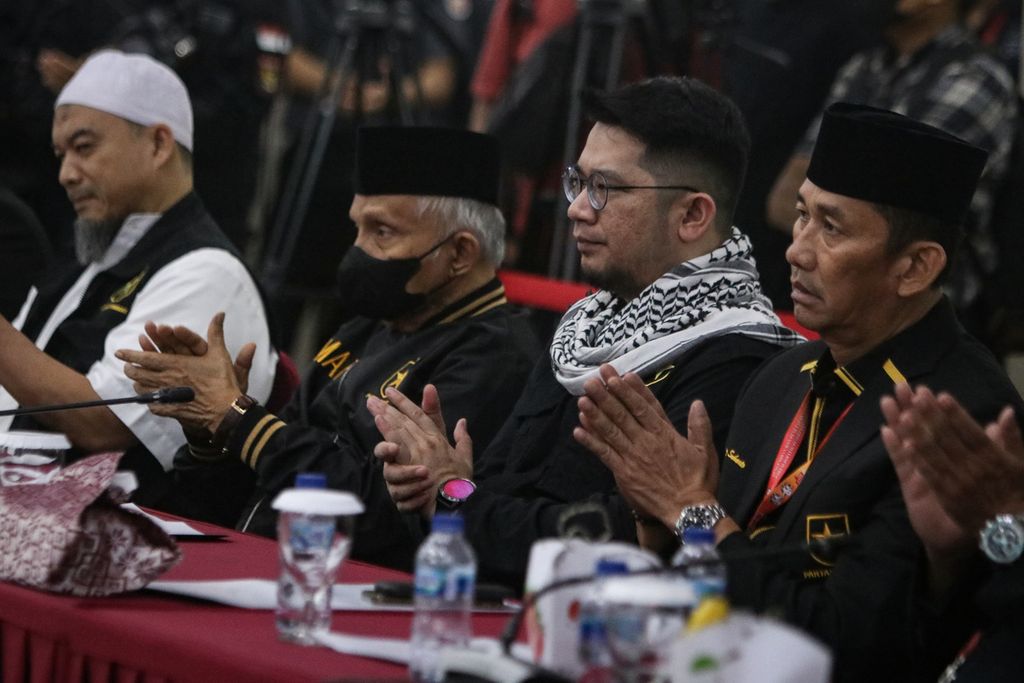 Perwakilan Partai Ummat bertepuk tangan setelah dinyatakan lolos sebagai peserta Pemilu 2024 di kantor KPU, Jakarta, Jumat (30/12/2022). 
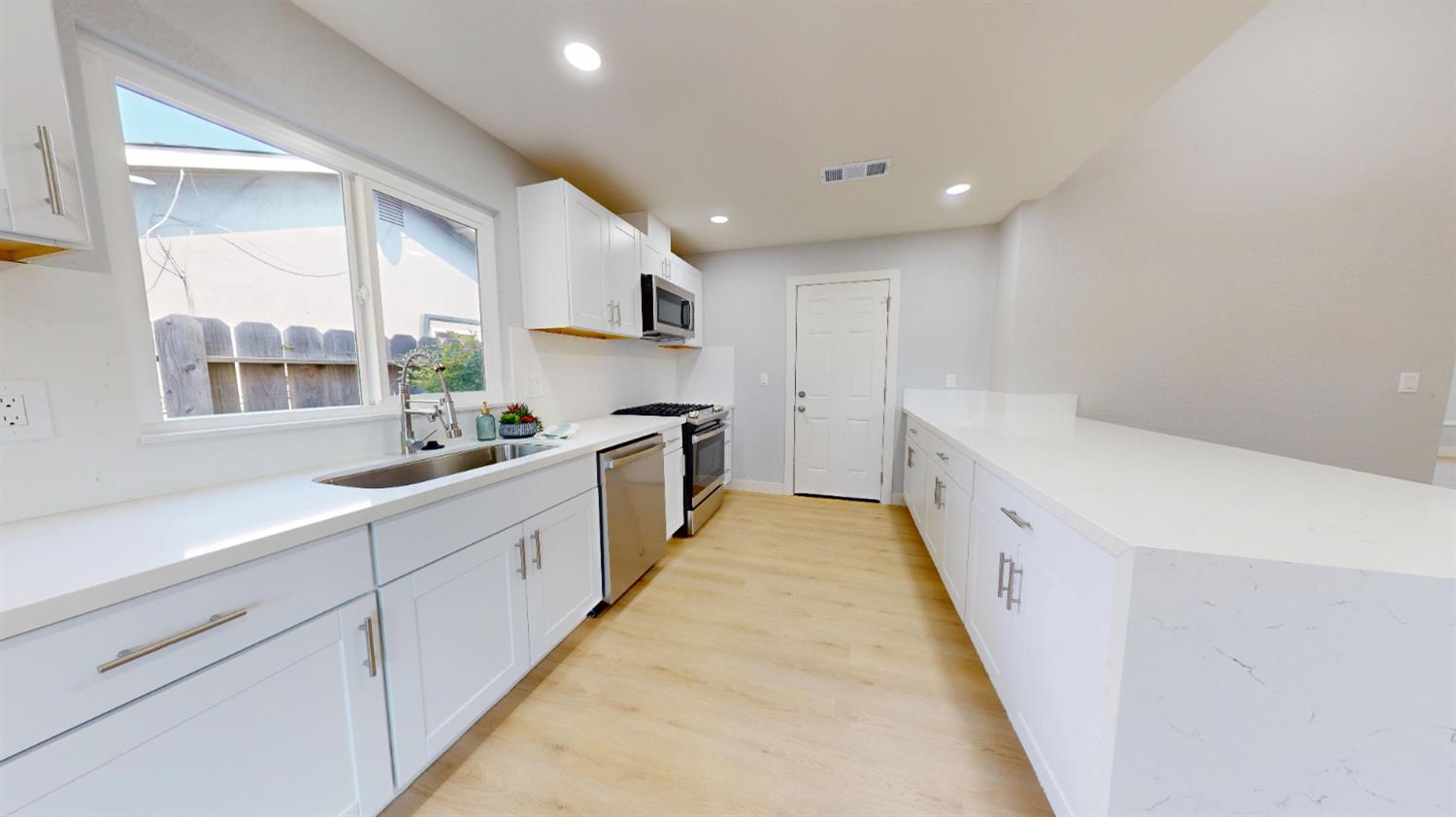Detail Gallery Image 6 of 21 For 5212 Stillwater Dr, Salida,  CA 95368 - 3 Beds | 2 Baths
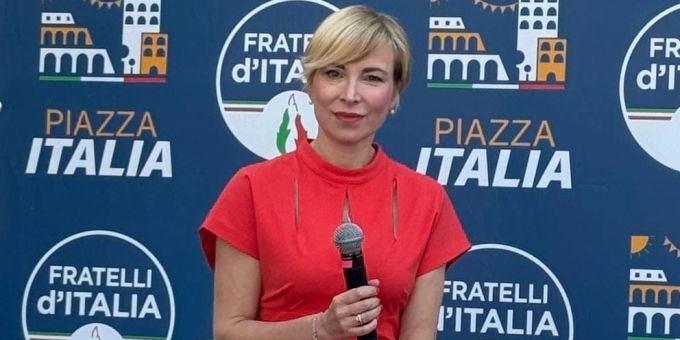 Rachele Mussolini ist die Enkelin des faschistischen Diktators Benito Mussolini. Rachele Mussolini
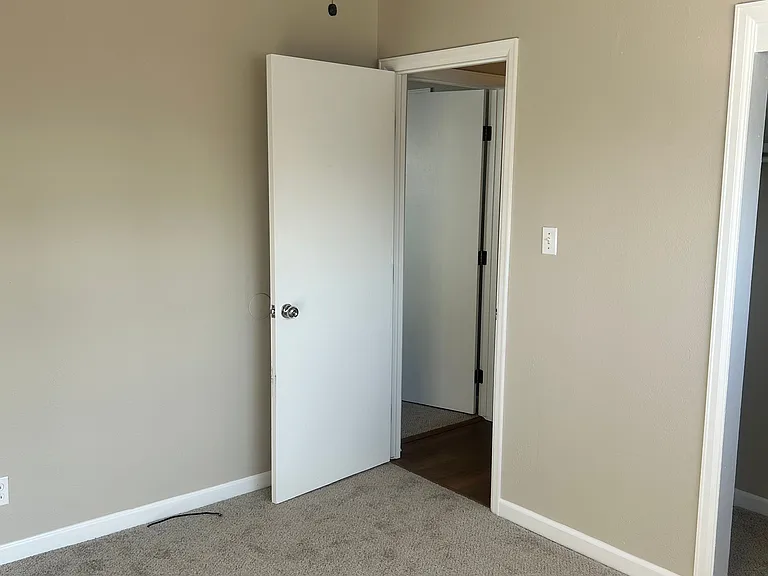 88 Rose Dr — Photo 23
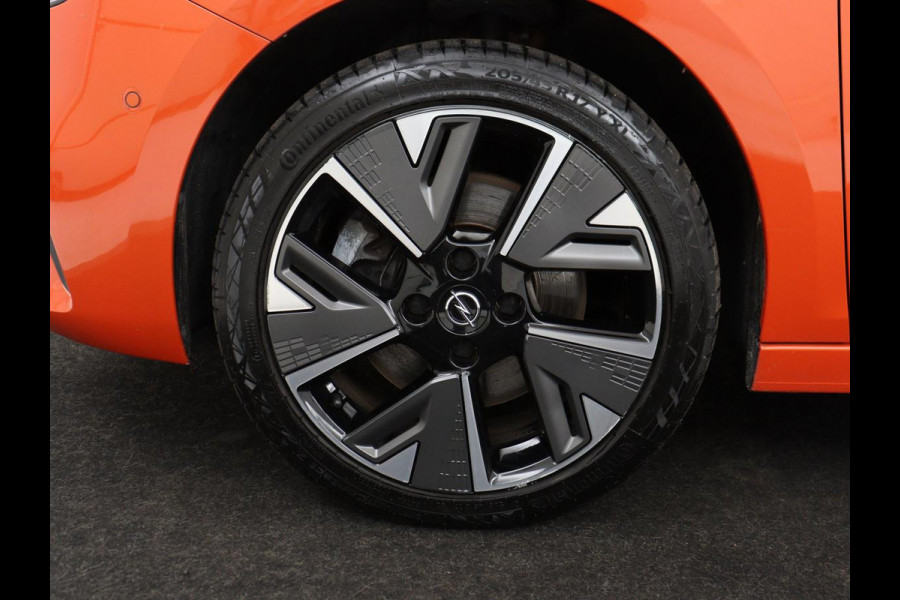 Opel CORSA-E Elegance 50 kWh | SOH 90% | 3 Fase | Stoelverwarming | Camera | Matrix LED | Carplay | Keyless | Navigatie | Climate control | Parkeerhulp | Cruise control | Stuurverwarming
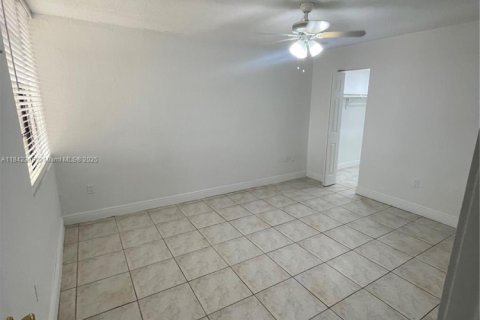 Copropriété à louer à Miami, Floride: 2 chambres, 86.4 m2 № 1834145 - photo 8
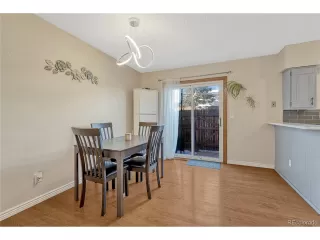 Photo #6: 3297037 Listing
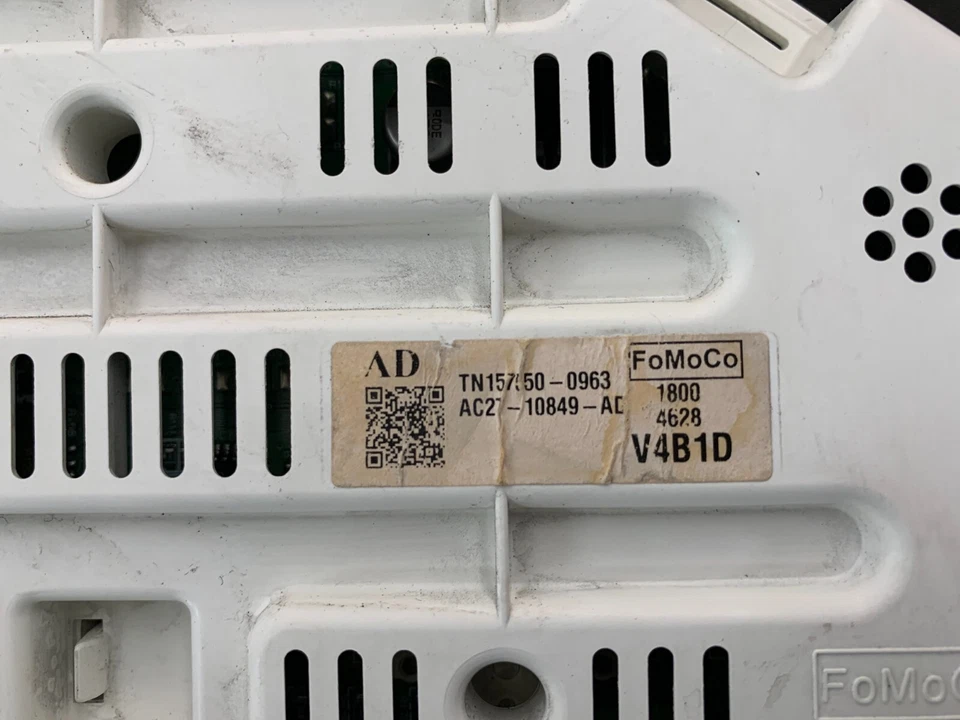 *Tablero de instrumentos velocímetro Ford E150 E250 E350 2010 furgoneta 101.335 millas Foto 3 de 3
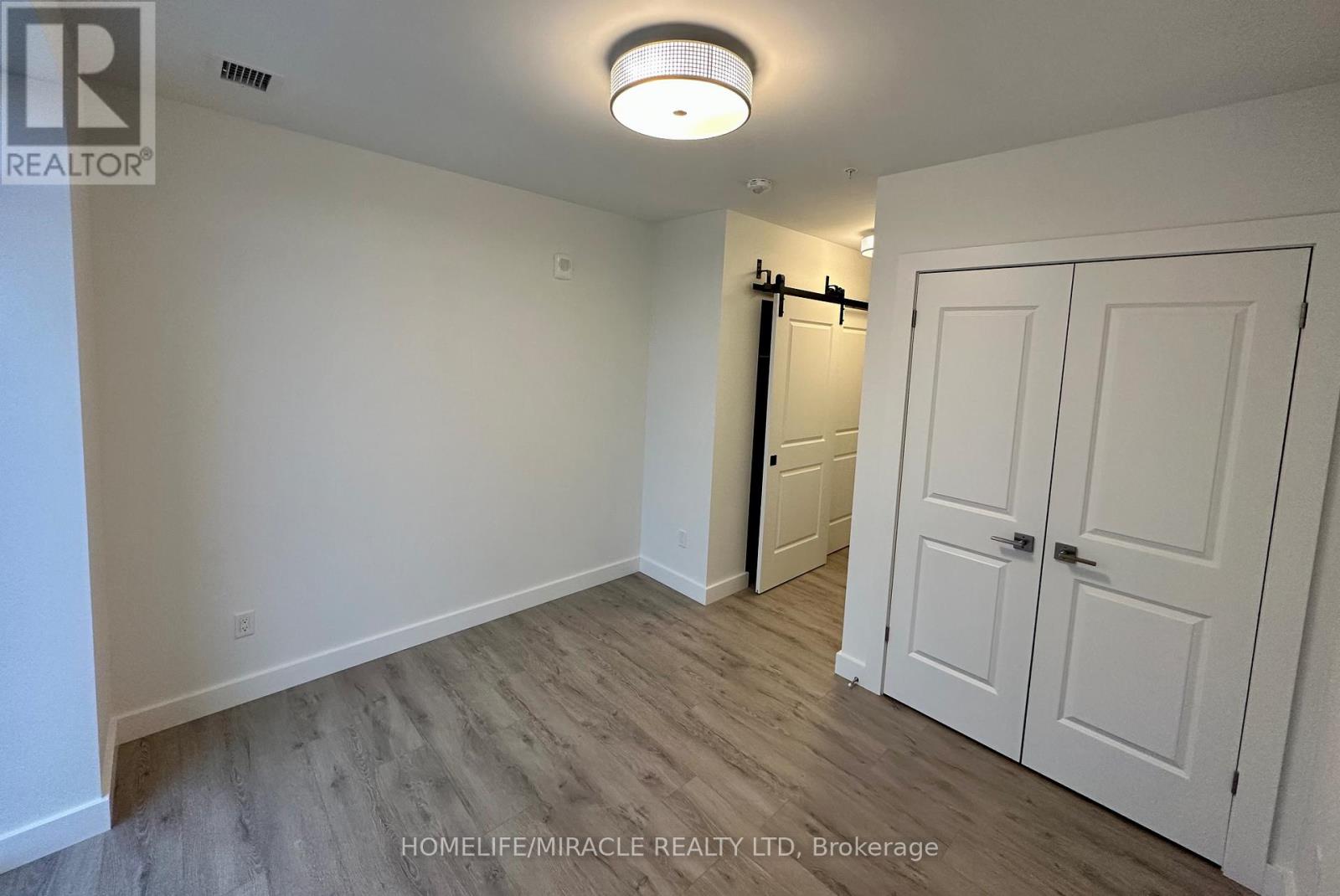 1502 - 15 Glebe Street, Cambridge, Ontario  N1S 2L8 - Photo 9 - X12548728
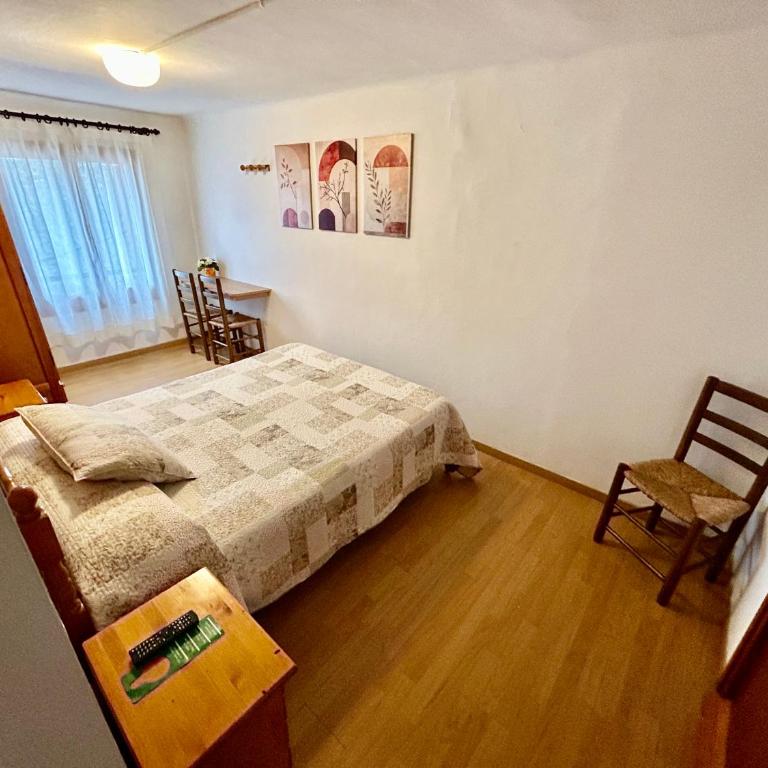 Hostal Estació - Habitación Triple Clásica - 3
--------------------------------
Only the lines from the one containing "88 Rose Dr — Photo 23" through the last line of the entries belong in the answer, given again exactly. Images stay out.

 88 Rose Dr — Photo 23
 Opel CORSA-E Elegance 50 kWh | SOH 90% | 3 Fase | Stoelverwarming | Camera | Matrix LED | Carplay | Keyless | Navigatie | Climate control | Parkeerhulp | Cruise control | Stuurverwarming
 Copropriété à louer à Miami, Floride: 2 chambres, 86.4 m2 № 1834145 - photo 8
 Photo #6: 3297037 Listing
 *Tablero de instrumentos velocímetro Ford E150 E250 E350 2010 furgoneta 101.335 millas Foto 3 de 3
 1502 - 15 Glebe Street, Cambridge, Ontario  N1S 2L8 - Photo 9 - X12548728
 Hostal Estació - Habitación Triple Clásica - 3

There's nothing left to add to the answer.